In 1892, the Bethel Baptist Church was a focal point for black members to congregate in Blythewood. Years later, the church donated 30 acres of land to build a school for the youth. In 1936, Benedict College graduate, Annie E. Hanberry, came to Blythewood.

"(She was a) Strong disciplinarian, great with leadership, and just a wonderful person," said Theodore Manning, a student of Mrs. Hanberry.

Hanberry was forced out of the Columbia teaching community, because the fact that she was married, the city didn't allow it.

Hanberry took a teaching job in a two-bedroom school in Blythewood with one other teacher, but was determined to overcome obstacles and she taught her students the same.

"She taught us that we were entitled to what the united states constitution said. That we had life, liberty, and the pursuit of happiness. (and) She made sure that she knew, that we knew, that it was part of us," Said Rody Egister, former student.

For years, Hanberry taught and fought for equality during segregation. She ensured her students received the same benefits as white schools.


"Whatever she did, that the other schools in the district had, she would make sure she would go to doctor wright and ask for the same equipment, or same things, so it would be equal," said Cecily Baxley Johnson, Hanberry's former secretary.






When Hanberry was named principal of Bethel elementary and high school, she became the first African-American woman to hold that position in South Carolina. She was also the only woman in the Palmetto Education Association, and felt it was her duty to give equal education and sports equipment to her students.

"She stood there in front of us and told us, you guys are going to have the very best equipment available because she cared so much about us," said James Woods, former student.

Hanberry's push for equality poured into discipline, as her standard of education was equaled in respect.







"She enforced it with a strap if things were not the way they were supposed to have been. I think I might have gotten it one time. That was enough for me back then, to get it there and then get it back home," said Manning.

Hanberry worked to ensure Bethel High School was one of the first to be accredited by the Southern Association of Colleges and Schools (SWCS).
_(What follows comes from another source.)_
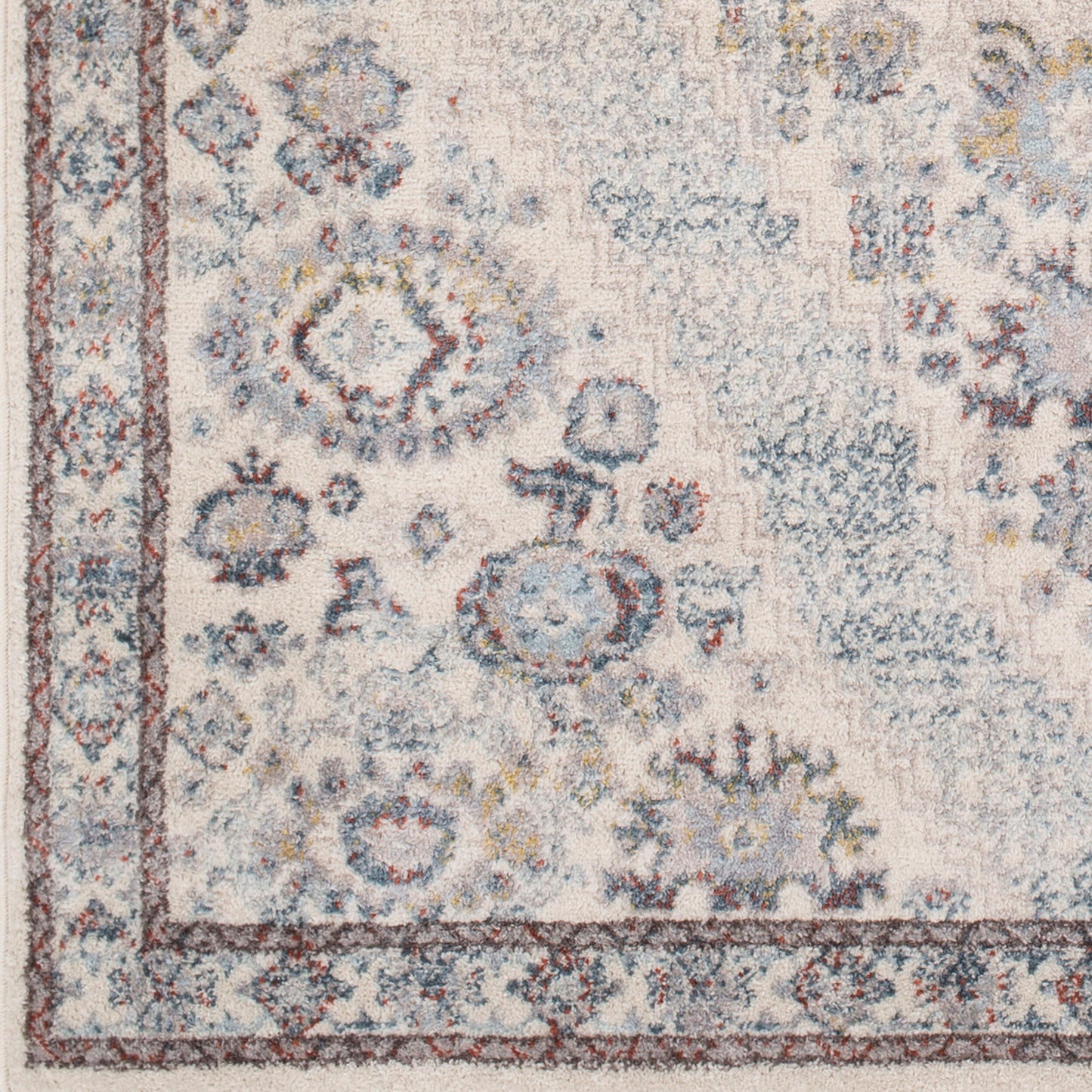 Ankara AKR-2351 5' x 7' Machine Woven Area Rug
In 1956, the Bethel School was renamed Annie E Hanberry High School.

After many school re-alignments, the high school eventually became Blythewood High School, and Bethel Elementary School was re-named Bethel-Hanberry Elementary School.






In 1972, Hanberry retired after 50 years of teaching, 35 of them in Richland District Two.

She later became the first recipient of the Alex English Humanitarian Award and was inducted into the Richland District Two Order of the Flame.

"Black History Month, or whatever you want to call it, every day is Black History Month, we make history every day," said Larry Griffin, former student.